新作というと、みんな何でもかんでもコンテンポラリー・ダンスみたいになってしまいます。世界的に見てもシンフォニック・バレエを作れる振付家は少ないのではないかと思います。みんなコンテンポラリー・バレエになってします。そういう意味では、特に牧阿佐美の作品などは貴重だと思います。

三谷 そうですね、ですから『シンフォニエッタ』とか『トリプティーク』などは保存版として残しておかなければならない、と思っています。

――そういう意味では「ダンス・ヴァンドウ」なんかはいい機会ですから。他にはチャンスもほとんどないでしょう。コロナ禍で新作とかはなかなか作れなかったですからね。

三谷 そうですね、もうちょっと時間ができたら新作も作りたいと思っています。

――やはり、お忙しいでしょう、今まではお二人で運営されていましたが、今はお一人ですべて対応されなければなりませんから。

三谷 そうですね、以前はバレエのこと、振付のことだけに専念すれば良かった頃もありました。今はもうトータルにすべてを見なければいけなくなっていますから。バレエ団のほかに、橘バレエ学校、AMステューデンツも日本ジュニアバレエもあったり、牧阿佐美バレエ塾も全部を見なきゃなりませんから。

――バレエ塾出身のダンサーも出てきていますね。

三谷 はい、小池京介はバレエ熟出身です。今度、卒業するんです。『三銃士』でアラミスを踊らせたり、『くるみ割り人形』でも初めて主役の王子を踊らせようと思っています。『誕生日の贈り物』を踊ったらいろいろとオファーが来たらしいのですが、今年いっぱいは仕事を取らないで、この1年間にパ・ド・ドゥも含めて勉強しなさい。そして今年『くるみ割り人形』が終わったら自由にしていいから、と言ってます。今、一番大事な時期ですから、何か影響を受けて変なクセがついてもいけないので。結局、外国人と組んだりする時に、ちゃんと方法とかわかっていないと難しいこともありますから、今のうちに基礎をしっかりと固めておけば可能性があるわけです。男性ダンサーも難しい時期があります。せっかくいいものを持ってますから。良いところを活かせるようになってから、活動の場を広げていくようにしなければなりません。

――そうですか、若手のダンサーが育って来ればまた、新しいやりがいもできてきますね。

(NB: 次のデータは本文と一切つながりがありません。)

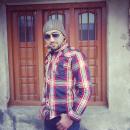 Faisalabad Male pictures
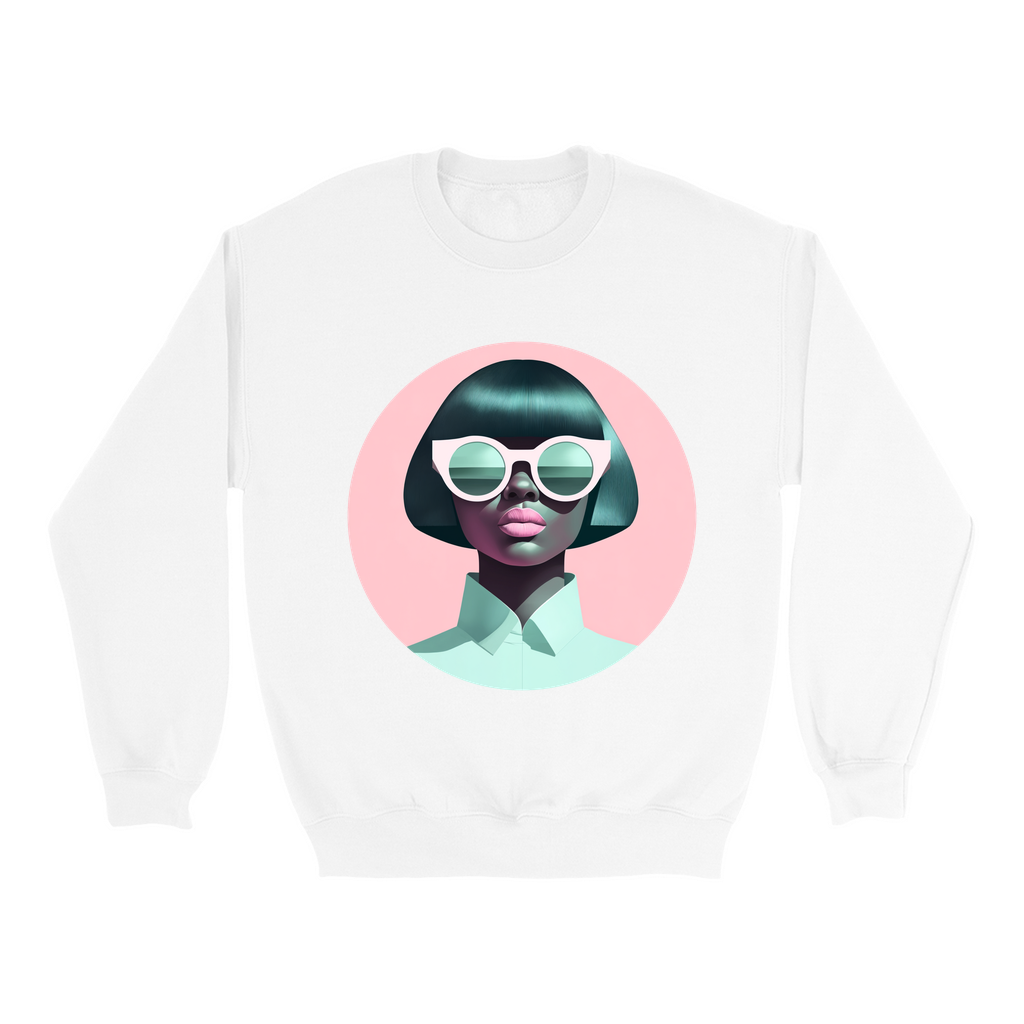 Apparel-DTG-Sweatshirt-Gildan-GI18000-L-White-Mens-CF-20250306202717738
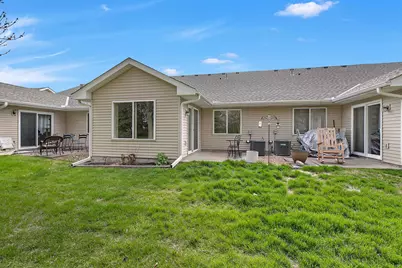 12363 Walnut Drive, Rogers, MN 55374 - Photo 15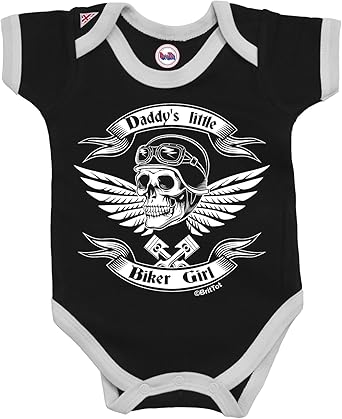 preemie baby clothes patterns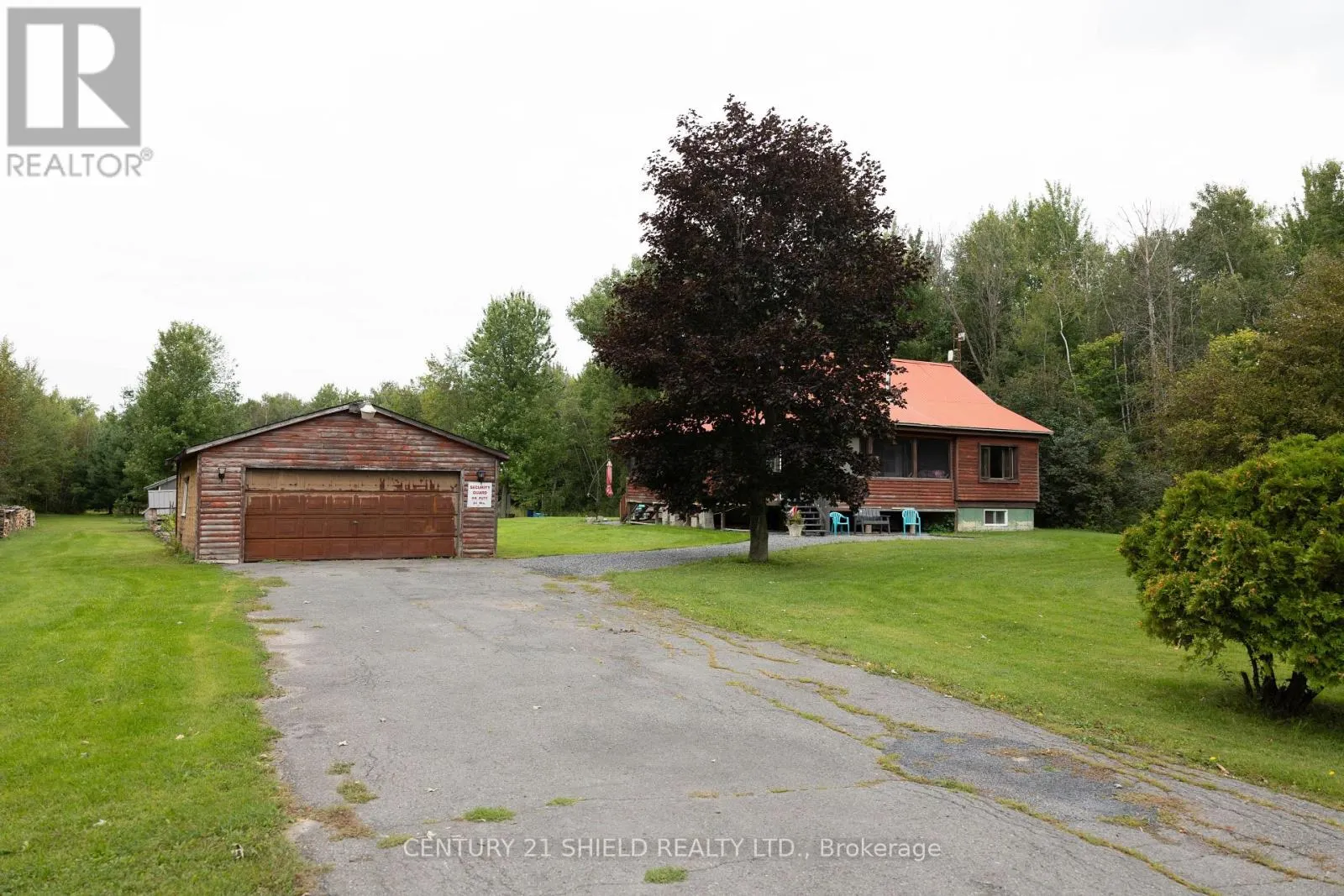 6224 KRAFT ROAD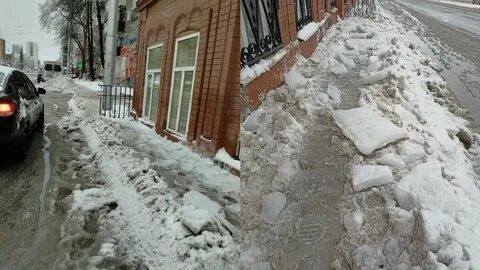 Подожди новости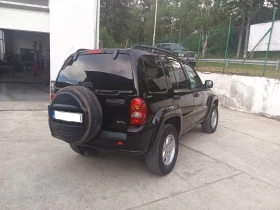 Jeep Cherokee - 7000 € / 13690.81 лв. - 92892801 3 | Car24.bg Jeep Cherokee - 7000 € / 13690.81 лв. - 92892801 3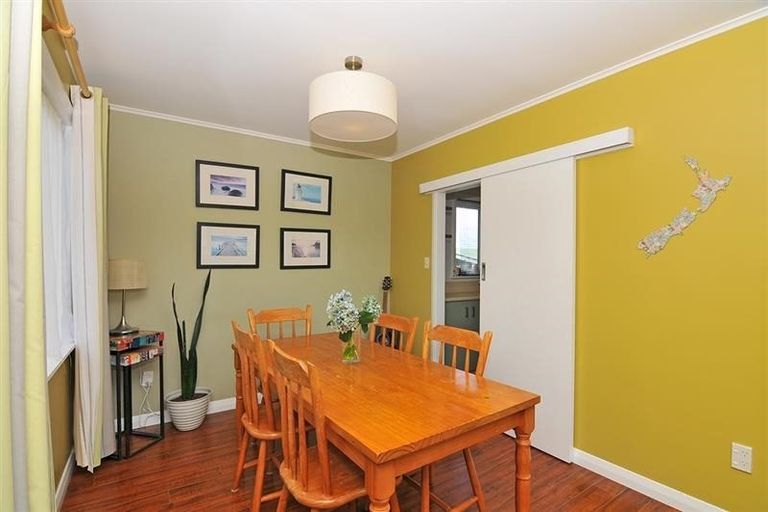 Photo of property in 86 Quebec Street, Kingston, Wellington, 6021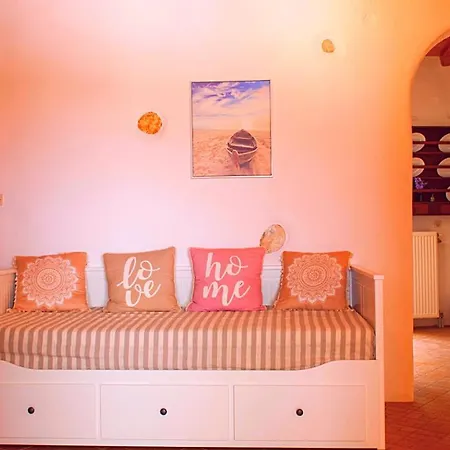 Villa An Exceptional Holiday Experience 3br Modern Delphine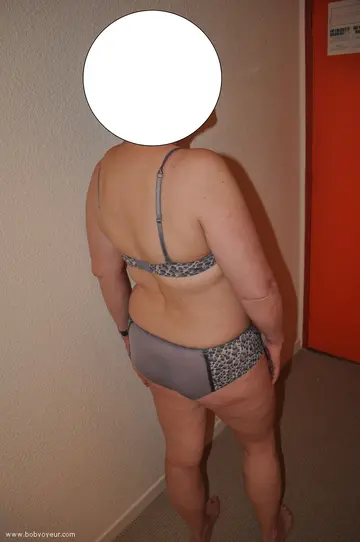 Photo amateur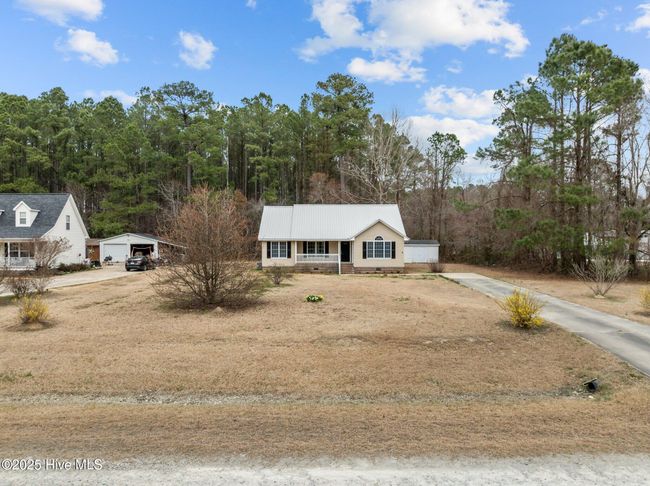 106 Pintail Dr, House other with 3 bedrooms, 2 bathrooms and null parking in Windsor NC | Image 29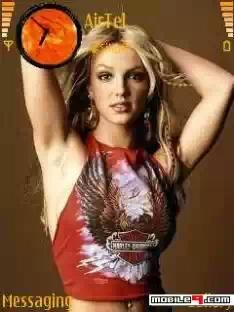 Britney1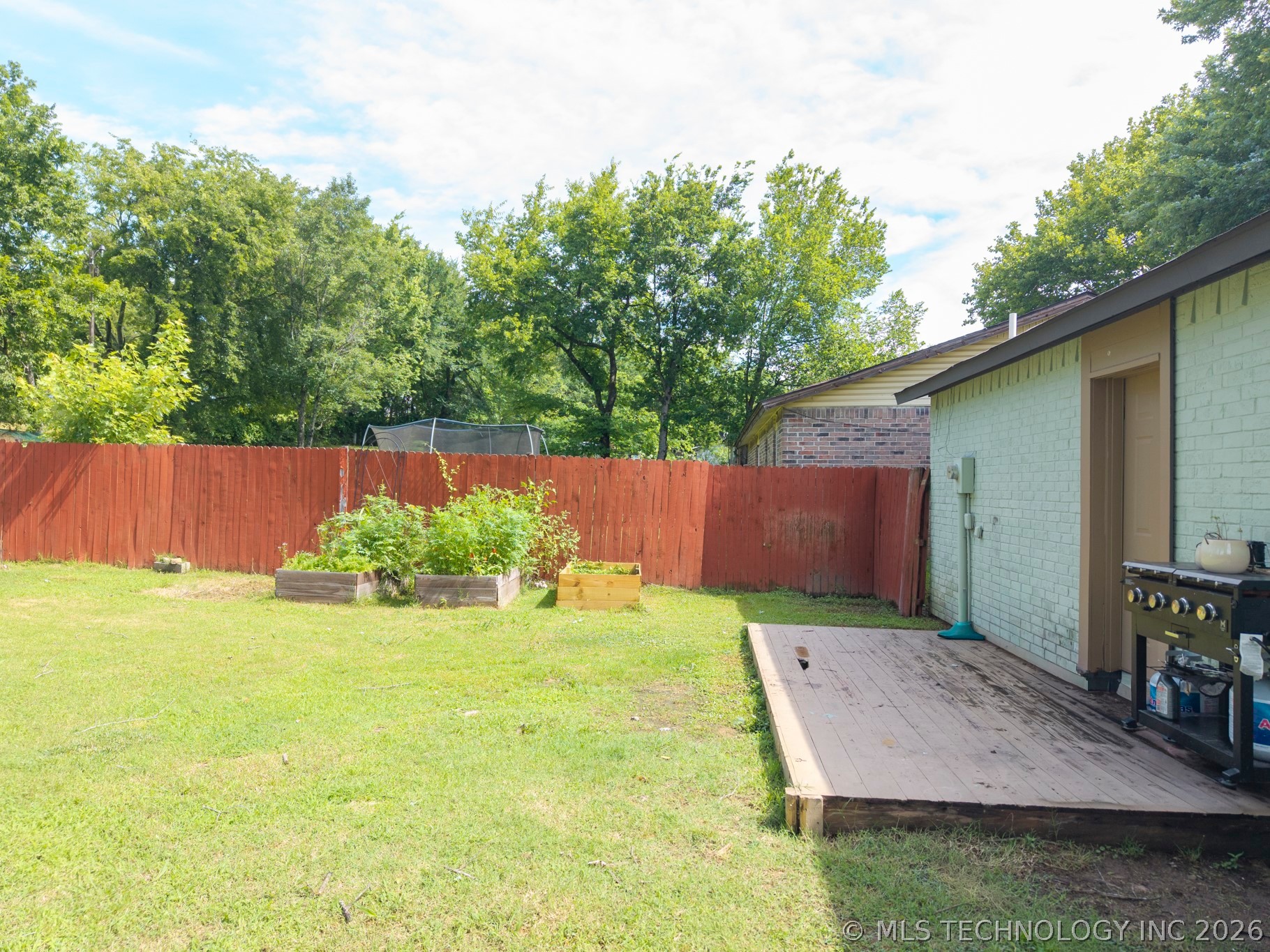 310 Grove Property Photo 11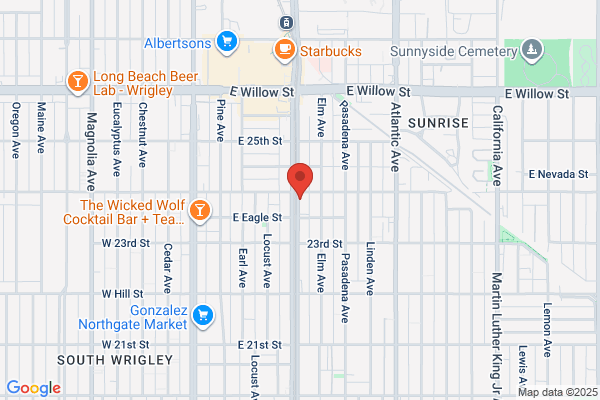 Warehouse Shoe Sale
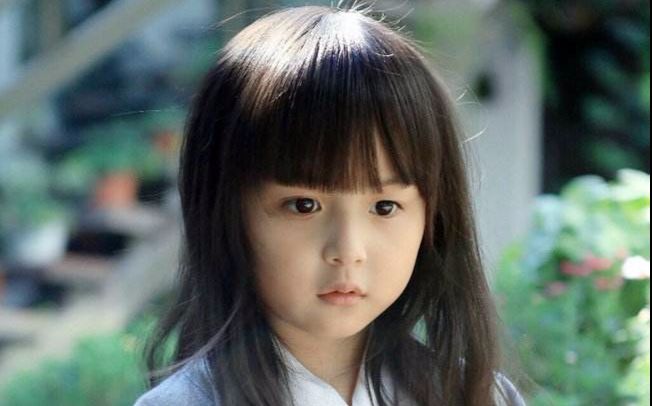 【dnf】技能永动机,打一职业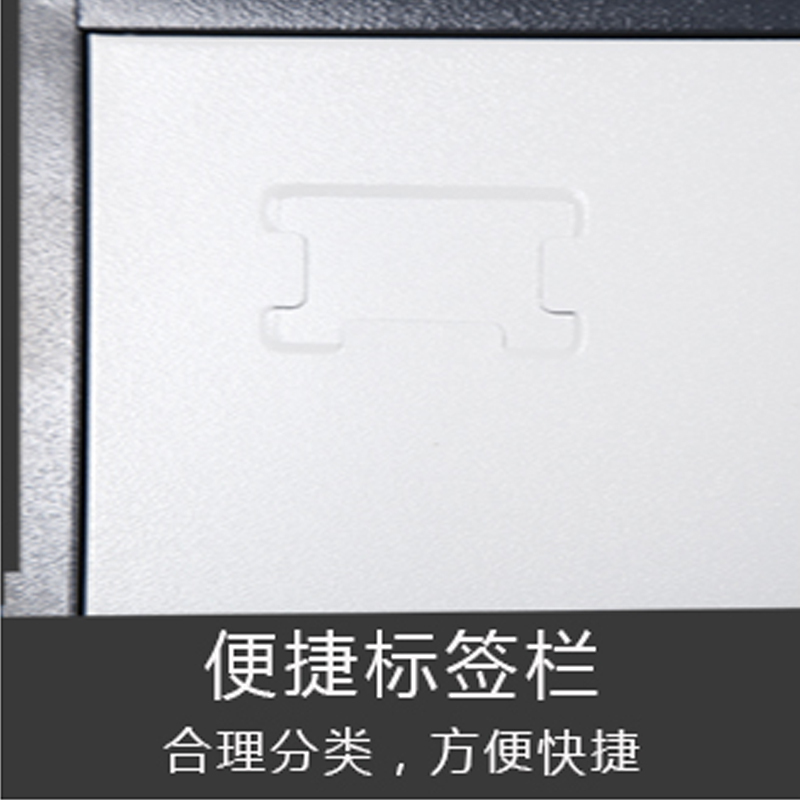湘渭文件柜/更衣柜xwjsdag860报价_参数_图片_视频_怎么样_问答-苏宁
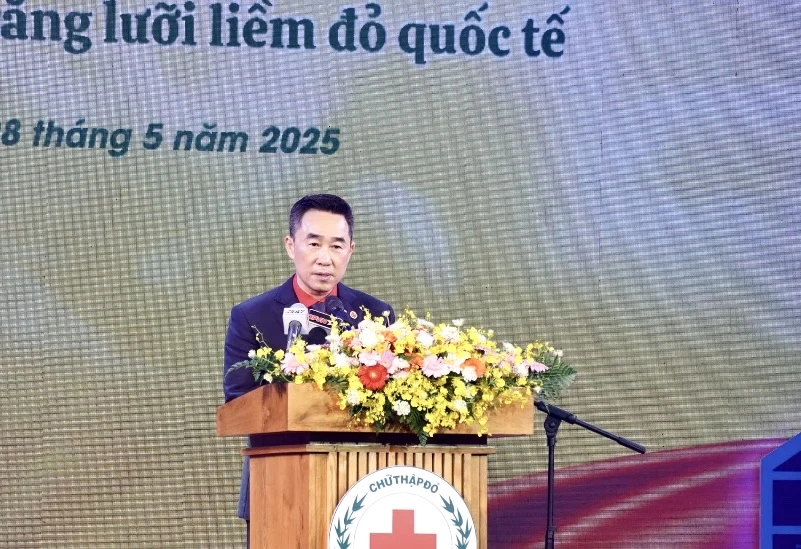 tháng nhân đạo 16.jpg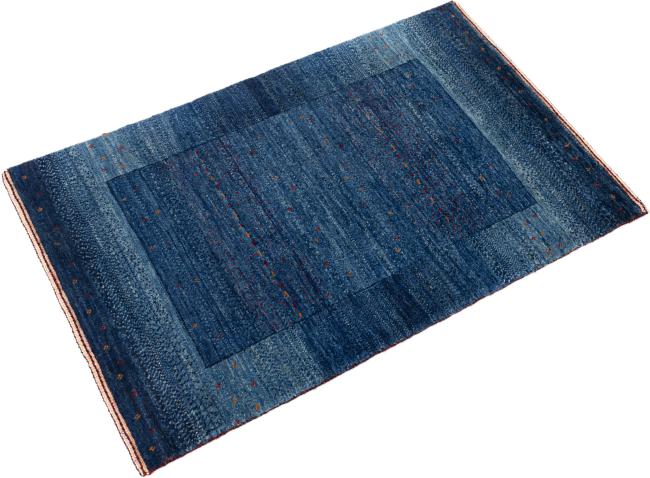 Persian Gabbeh Loribaft Essence - 2
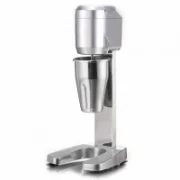 Миксер VIATTO Commercial VA-DM-B отзывы владельцев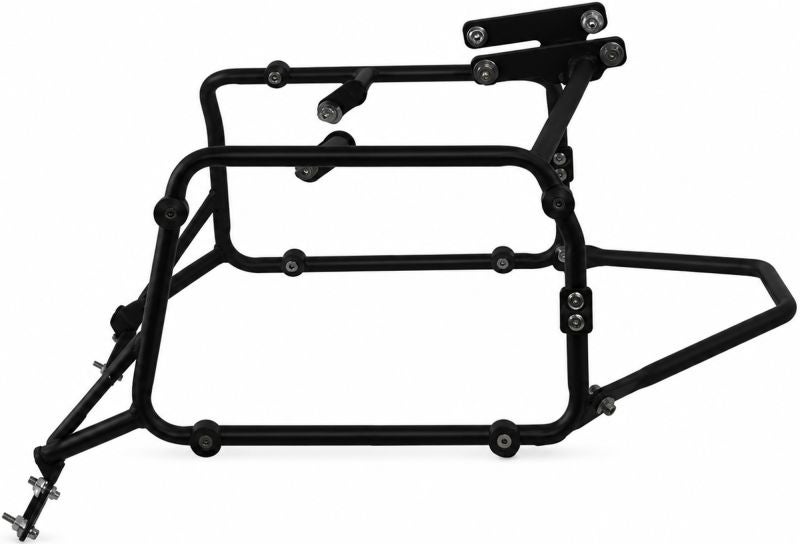 fc-moto-ktm-790-890-adventure-adventure-r-steel-s-shaped-side-case-carrier-fcm-036-ssh-120-10-os-main-article-figure-1_800x800
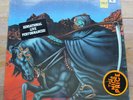 Blue Oyster Cult Some Enchanted Evening Original 1978 Vinyl LP Still Sealed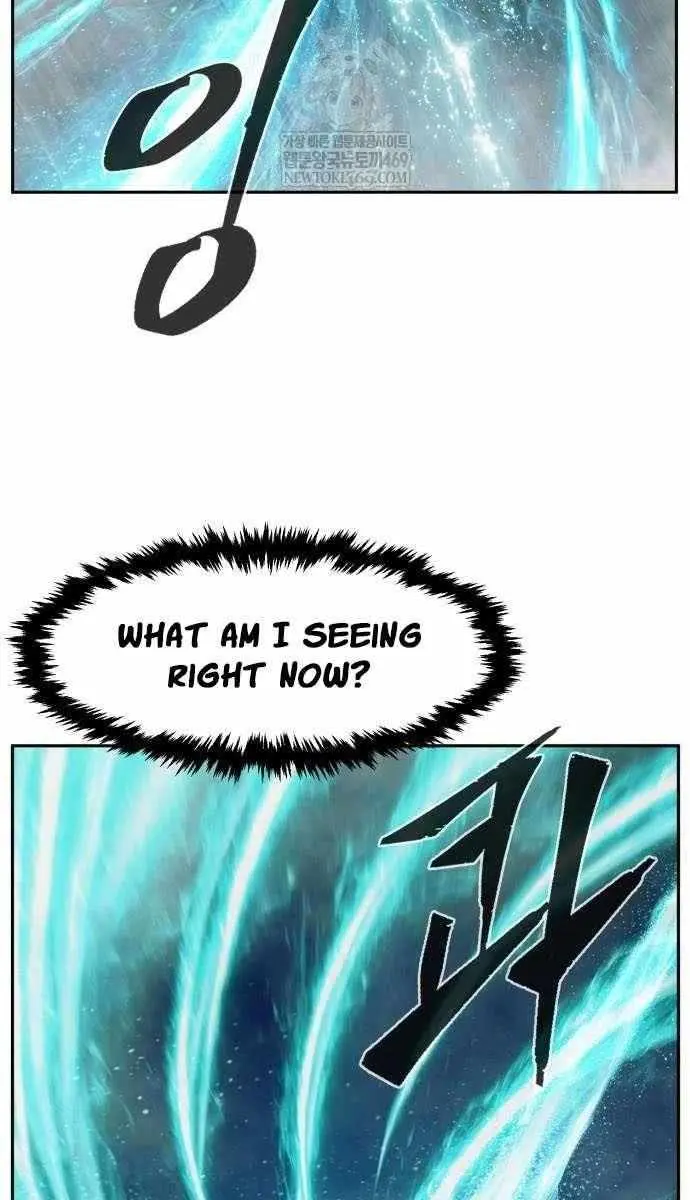 Absolute Sword Sense Chapter 168 Page 106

三谷 『トリプティーク』の時も若いダンサーを入れると、稽古場も活気が出てきます。ですから、ポツポツ入れるようにしています。若手を抜擢して使うと心配で、ベテランを使えばもっとうまくいくのですが、やはり、他の人たちと競争させるようにして、エネルギーを沸き立たせるようにしています。ですから、これからの公演には期待しています。

――『白鳥の湖』の上演を楽しみにしております。
本日はお忙しいところお話を伺うことができて良かったです。ありがとうございました。